Hi Alejandro. The best way is using it daily  with spanish speaker, so i invited you to try to write your post in spanish and ask for correct your mistakes or wording, you will learn that you can say an expression using diffenrent sentences. I am sure that you will improve your spanish, best wishes, Cony.


----------



## MonsieurAquilone

Also, I would have to say: (once you are more confident) try jobs that require you to use the language frequently - perhaps the South American sector of a company of something.  That would be invaluable.


----------



## Sofia29

There are plenty of podcasts that could help you. They're a great way to get short Spanish lessons for free, that you can listen to over and over, whenever you want.


----------



## Tresley

Make a point of learning TEN new words each day and test yourself on ALL 70 at the end of the week to make sure that you have remembered them all.

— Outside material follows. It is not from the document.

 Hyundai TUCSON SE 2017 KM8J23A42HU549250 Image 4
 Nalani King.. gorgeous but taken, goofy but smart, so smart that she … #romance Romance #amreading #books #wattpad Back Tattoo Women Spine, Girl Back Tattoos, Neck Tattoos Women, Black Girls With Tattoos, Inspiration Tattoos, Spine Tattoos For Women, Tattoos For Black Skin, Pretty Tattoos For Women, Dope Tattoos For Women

At the end of the month test yourself again on the 280 words you have learnt!!!

Listen to language learning tapes. I used to borrow them from the library. Repeat everything you hear on the tapes! I repeat! Repeat everything you hear on the tapes!  In doing this you must try and perfect an authentic accent.

Learn the verbs.  Start with the most common (but irregular ones) and make sure that you know them well - ser, estar, hacer, querer, ir, ver, deber.

Read, read, and read as much as you can in Spanish.

Look words up in your dictionary.

Stick post-it notes to things around your house with the Spanish word on it! La ventana = the window, la pared = the wall, el aseo = the toilet etc. Only when you are sure that you can remember the words on the post-it notes, remove them!

When you are feeling confident, find someone who speaks Spanish and talk to them.  Don't be worried if you can't understand what they say back to you (remember that they know more words than you!).  Just ask them to translate what they said and write down the Spanish word(s) that you didn't understand. I used to carry a notebook to write vocabulary in.

When I started to learn Spanish this helped me a lot.  I avoided TV and radio at first, simply because the spoken language was too fast, but after a while I watched Spanish TV and could understand some of it.

Don't give up.  I didn't, and now when I go on holiday to Spain I get much more out of it.  I can talk to people, I can understand, I can read things and my holidays are much much better for it!

Disfruta el idioma!!


----------